Last season Wells was expected to push Derek Combs for the starting job, but questions about his short-yardage toughness arose in midseason. Not until the penultimate game of the regular season at Illinois did he reveal his complete package, recording career highs in carries (27) and yards (131).
"He didn't get into the swing of things until later in the year," running backs coach Tim Spencer said. "I thought that maybe last year he should have had a year similar to this one, but I think he sort of maybe underestimated the seniors that came back to camp and it sort of shocked him a little bit."
Wells admitted that "people were making plays and I wasn't," and last summer vowed to change his status. He lived alone in Columbus, helping to hone his mental preparation in addition to physical conditioning.
In the season opener he appeared to have found his gear, rushing for 119 yards and two touchdowns in a home win against Akron. But one more hurdle awaited -- former Tampa Gaither standout Lydell Ross.
At Indiana in the season's third game, Ross had a breakout day with 25 carries, 124 yards and 2 touchdowns. The freshman captured the attention of fans and the coaches, but Wells remained confident.
"I just kept playing hard," Wells said. "I'd been working hard for four years before I even heard of Lydell Ross. I just played my game, and things happened for me.
Wells stormed back the next game with 179 yards and three touchdowns in a win against Northwestern.
Along with most of the Buckeyes, he followed that with a poor outing against Wisconsin, but in every game after that Wells has scored at least one touchdown. In the final five games he rushed for 100 or more yards, and against Michigan he ran for 129 yards and three touchdowns in the first half before exiting with cramps.
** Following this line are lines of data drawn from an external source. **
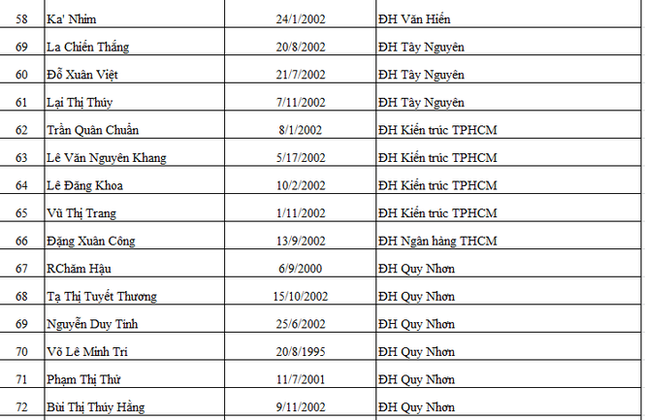 85 suất học bổng Nâng bước thủ khoa 2020 cho tân sinh viên ảnh 5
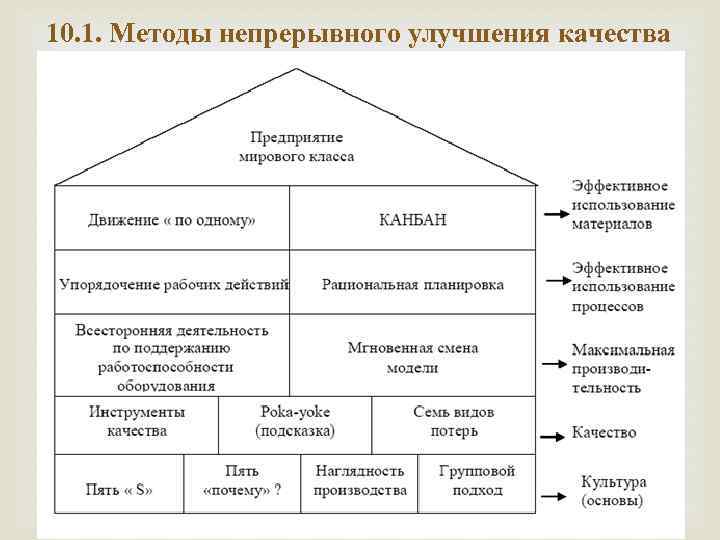 10. 1. Методы непрерывного улучшения качества 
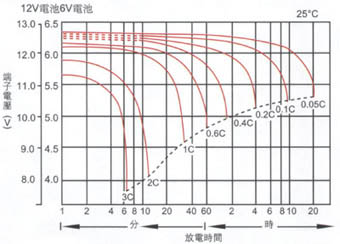 電池在不同的放電電流下放電情況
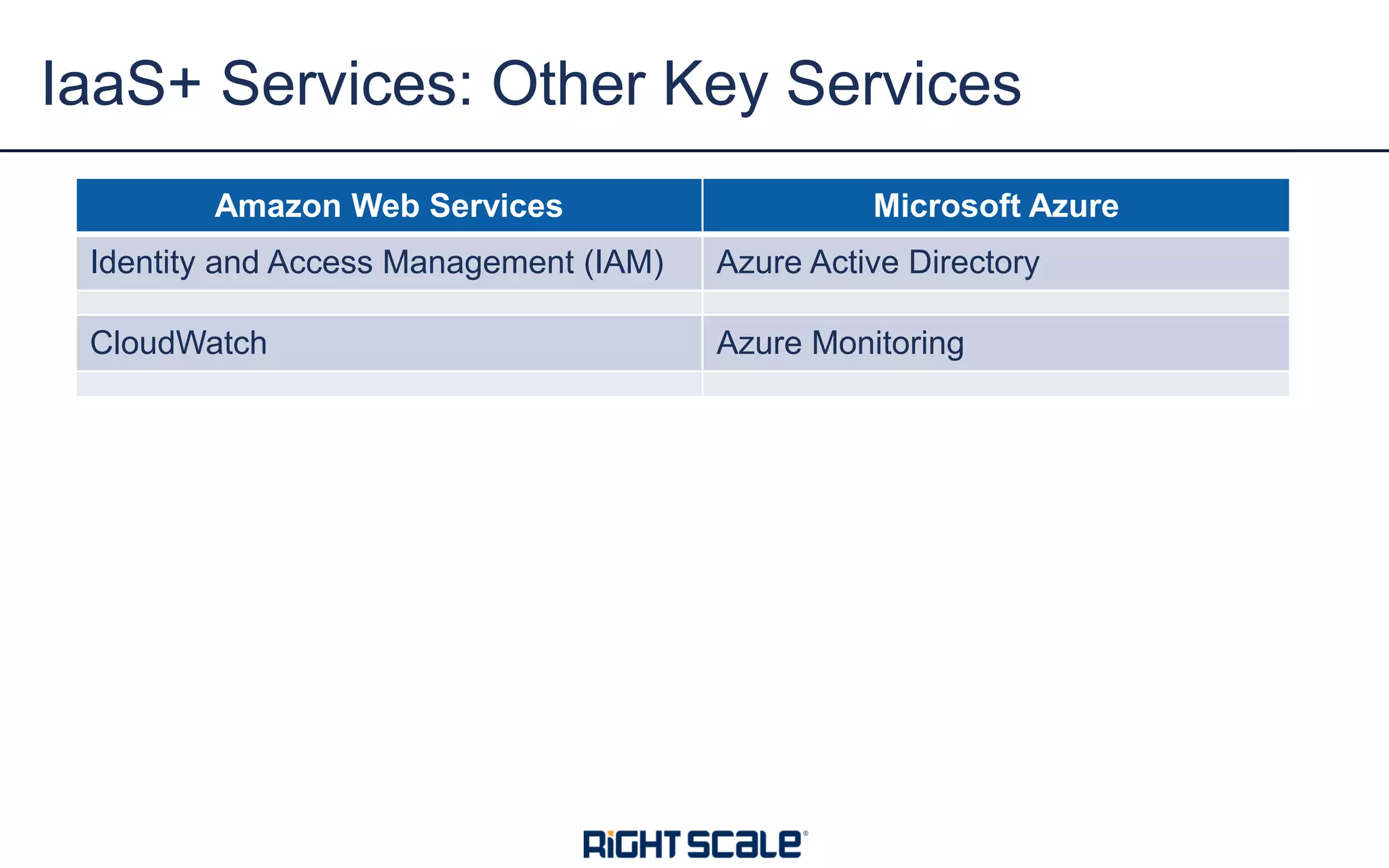 IaaS+ Services: Other Key Services
AWS AzureAmazon Web Services Microsoft Azure
Identity and Access Management (IAM) Azure Active Directory
CloudWatch Azure Monitoring
 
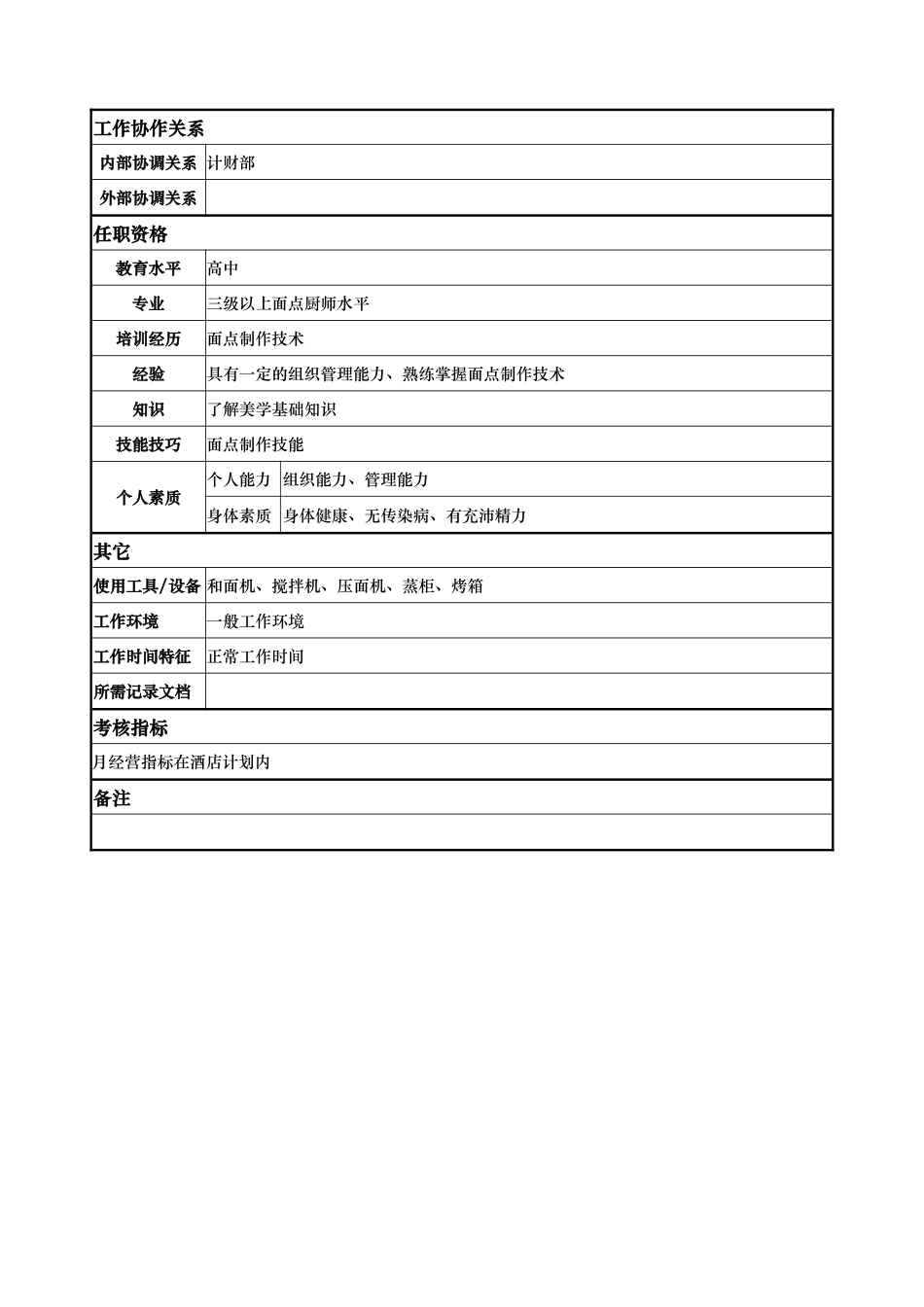 aiw_1206_x国际大酒店餐饮部岗位说明书-点心主厨(doc)_第2页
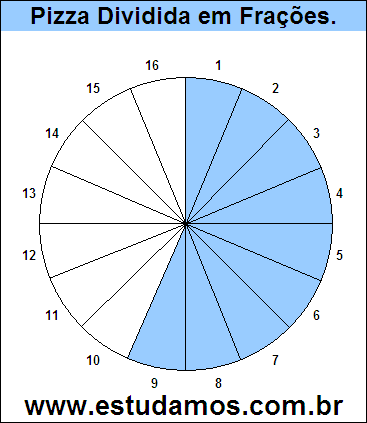 Gráfico Pizza Dividido em 16 Pedaços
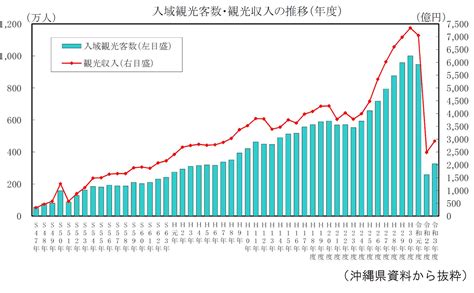 7月の沖縄観光客数60万人 前年比42％増 Hub沖縄（つながる沖縄ニュースネット）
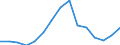 Flow: Exports / Measure: Values / Partner Country: Belgium, Luxembourg / Reporting Country: Germany
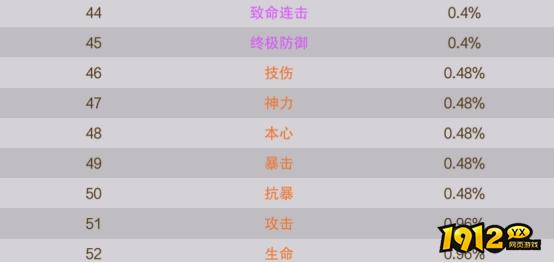 《逍遥蜀山0.05折》概率公示 《逍遥蜀山0.05折》概率公示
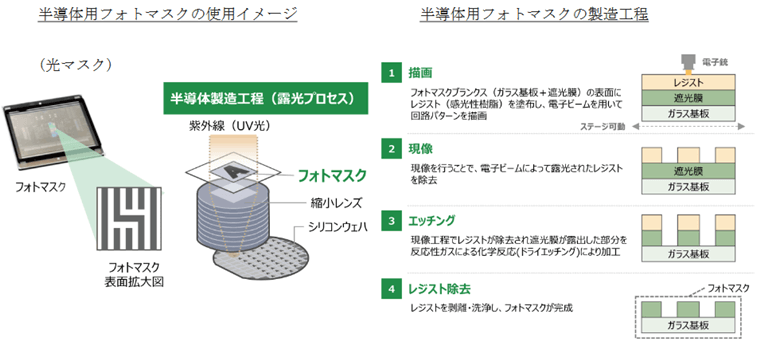 フォトマスクとは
"I think the game slowed down for me," Wells said. "I stopped pressing myself as hard as I was. I just finally decided that, hey, I've got talent."
His production now ranks 12th on the all-time Ohio State rushing list (2,344 yards), no small feat considering three Heisman winners are among the top 11 (Archie Griffin, George, Howard "Hopalong" Cassady) and most spent multiple seasons as the feature back.
"By midseason, he got there," coach Jim Tressel said. "Now, it will be interesting after a layoff to get him back there (for the Outback Bowl)."
Last season he carried 14 times for 52 yards at Raymond James Stadium in the Buckeyes' 24-7 loss. This season he almost certainly will get more carries, as Ohio State will try to pound at the Gamecocks defense.
Finally, the Buckeyes have the weapon they expected. It was worth the wait.